Sadie ran a palm over her face and smoothed her long hair. “Yeah. I have more stuff than I have room for.” Mostly, she didn’t know what to do with the boxes’ contents. Her mother’s umpteen journals and drawings weren’t exactly appropriate décor
.
“This is nothing, girl. My place? I’m an IKEA wet dream.”
Whatever that meant.
Elijah had been so pissed he’d glared! The man she had a crush on and the man he really was, could not be the same. The guy in her dreams looked at her with heat and desire so intense she felt it in the backs of her knees.
She led Ben to the garage, trying to push her jangled-up feelings back.

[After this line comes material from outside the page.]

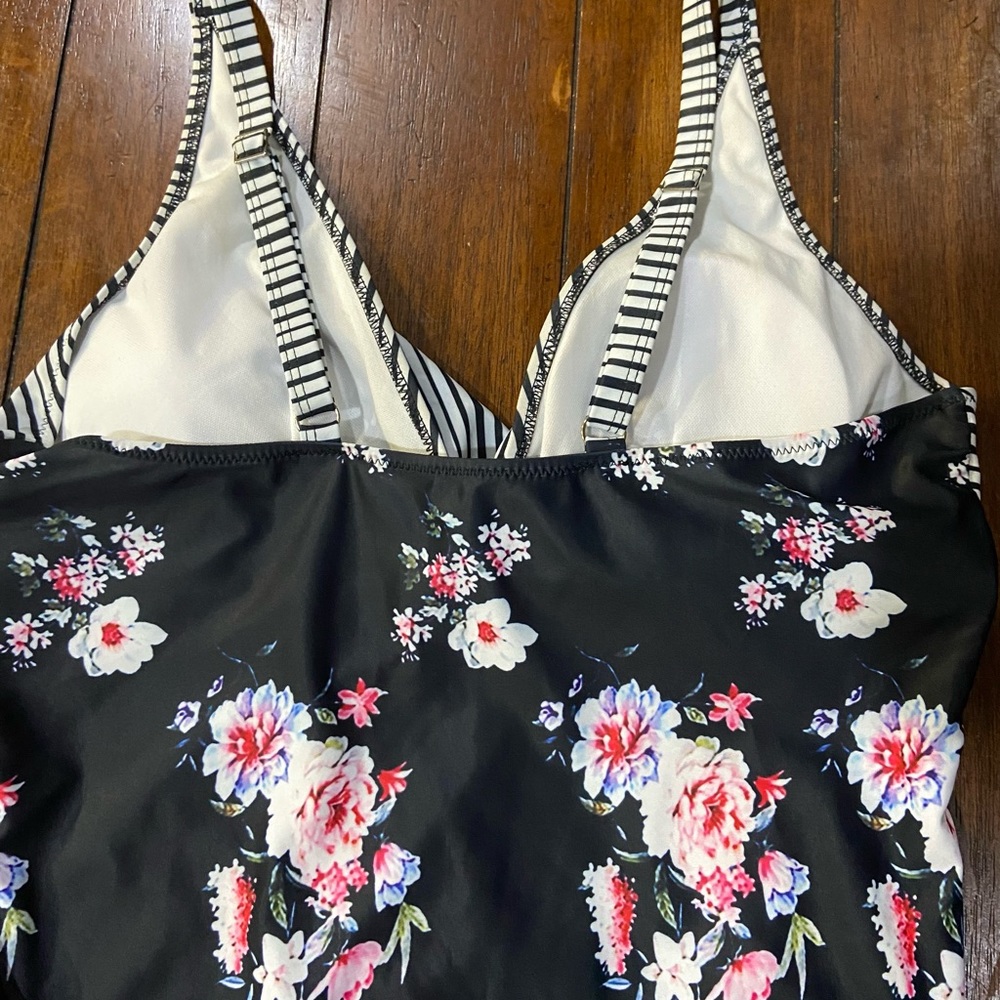 Women’s new one piece (XXL) - Picture 5 of 6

Dream Elijah would have at the very least shown some curiosity. Or intrigue. At the very minimum, polite detachment. The real Elijah couldn’t get away fast enough and every nuance of his reaction screamed revulsion. He’d turned his head away. As though she stunk.
“Oh my God, Sadie!”
Sadie jerked back to reality and realized she’d brought him to see her paintings. “Oh no. I didn’t mean to—.”
“Did you paint these?”
Reflexively, she stood in front of one.
“Don’t you dare,” Ben said and tugged her aside. “This is gorgeous. And those too, and that one, oh, very Passion of the Christ, Sadie. Saintly and sexy all at once.”

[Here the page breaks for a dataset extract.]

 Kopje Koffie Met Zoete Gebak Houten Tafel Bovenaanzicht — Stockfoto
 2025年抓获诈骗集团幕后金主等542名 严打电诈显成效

As if that weren’t enough, Ben kept going. He must have looked at every last one. Sadie wished the concrete could swallow her up. She didn’t want compliments. She never meant anyone to see these.
“Jesus! Twenty-nine paintings of Elijah?” Ben asked. “Uh, stalker much?”
If her cheeks got any hotter she could melt wax on them. “Just, please can we go back inside?” she managed.
“Don’t be embarrassed. I love them. And I totally get it. He’s ideal subject matter and you’ve done him justice in every one. I love the wings.”
“Ben!” She hadn’t meant to shout, though. “Ben. I didn’t actually mean to bring you in here. I was distracted. It’s nothing personal, I don’t share my art.”
“Okay, okay. I’m going. I get it.” He let her usher him out. “I forgot you have reason to be sensitive today, okay?”
Sadie sighed. “I could die.”
Ben plopped onto the sofa. Sadie did as well, hugging her knees up.